Finds duplicate files based on hash and deletes them based on a given pattern.
finddupes
tries to be efficient by
- comparing file size before running expensive hash caluculations
- using hash tables to find duplicate sizes/hashes in constant time on avg
- using the fast xxHash algorithm to calulcate hashes
- running things in parallel. However, this only really helps if directories to be searched for reside on different media
- using an optional "cache" that can be reused and extended for multiple searches/deletions
What does finddupes
not do
- try to find very similar files (fuzzy search)
Run finddupes with the -help
flag to get all options:
finddupes -help
The exection can be interruped with Ctrl-c
. This will gracefully finish all calulcation
and write operations before shutting down.
This will list all found duplicates.
finddupes <path> [path...]
Depending on the amount and size of files this can take a long time.
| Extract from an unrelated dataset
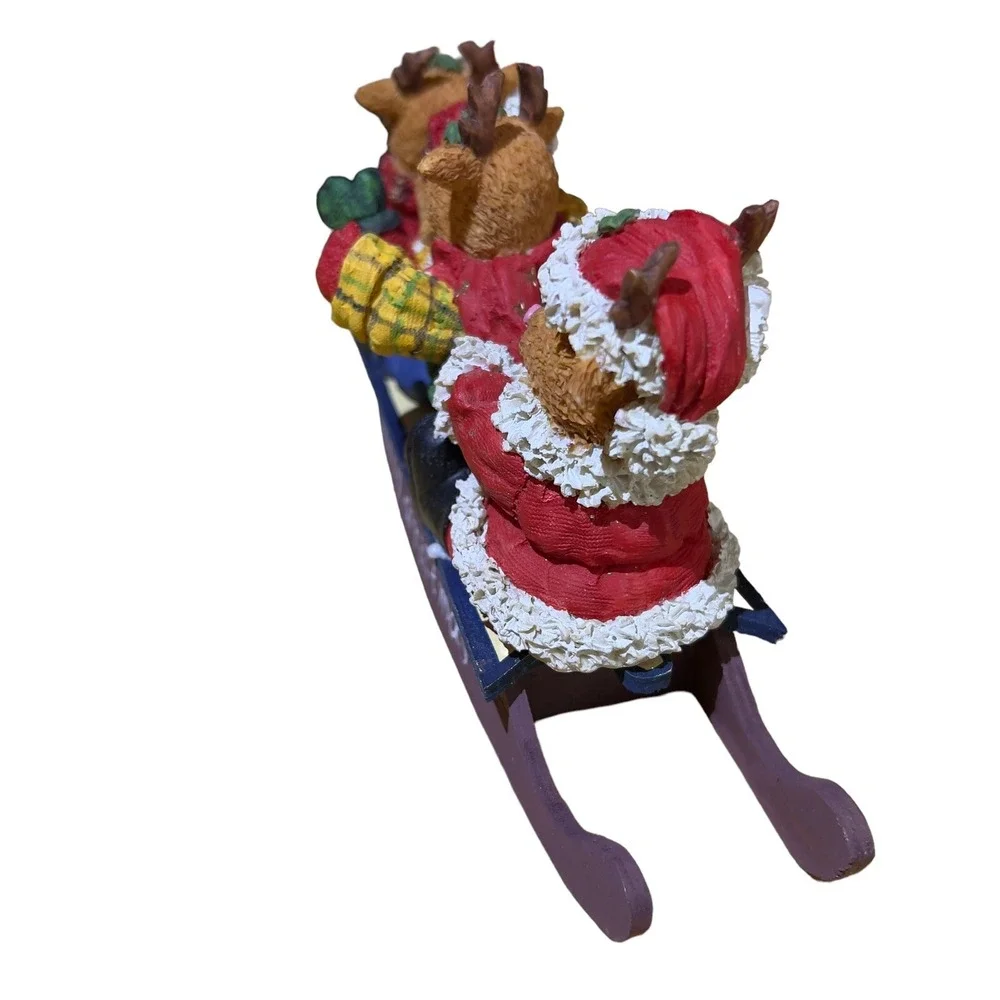 Merry Christmas Snow Sleigh 4‎ Reindeer Bears Decorative Funtime 11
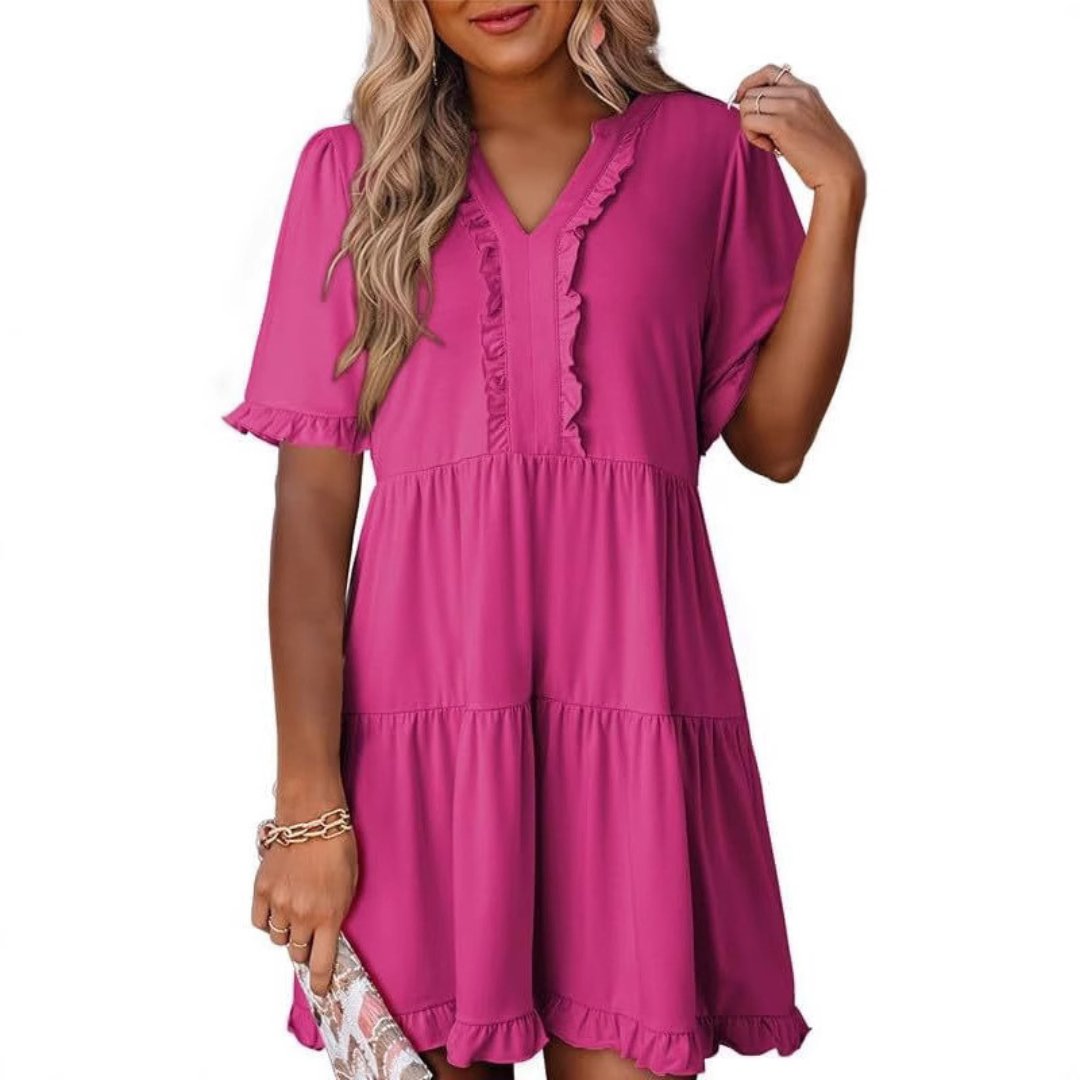 Women's Chiffon Mini Dress - Red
For a large amount of files it is recommended to index all duplicates and store them in a database file. See next section.
Index all files from given directories recursively and store them in a database file.
finddupes -verbose -storeonly -path <db file path> <path> [path...]
e.g.
finddupes -verbose -storeonly -path pics.db ~/Pictures ~/Videos ~/DCIM
After indexing files one or more actions can be run to delete duplicates. A single last file will be always kept, regardless if there's a match or not.
The default is a dry run. To actually delete files, add the -delete
flag.
Alternatively to indexing first, all actions can be run on the fly by not passing
the -path <db file path>
parameter.
finddupes -delmatch <pattern> ~/Pictures ~/Videos
See the next sections for a list of possible actions.
Delete duplicates whose path matches the given regex.
finddupes -path <db file path> -delmatch <pattern>
e.g.
finddupes -path pics.db -delmatch '\.jpe?g$'
Keep duplicates whose path matches the given regex.
finddupes -path <db file path> -keepmatch <pattern>
e.g.
finddupes -path pics.db -keepmatch '_orignal$'
Keep the most recent duplicate, delete all others. Based on modification time (mtime).
finddupes -path <db file path> -keeprecent
Keep the oldest duplicate, delete all others. Based on modification time (mtime).
finddupes -path <db file path> -keepoldest
Keep the first duplicate based on lexically sorted file paths (not file names), delete all others.
finddupes -path <db file path> -keepfirst
Keep the last duplicate based on lexically sorted file paths (not file names), delete all others.
finddupes -path <db file path> -keeplast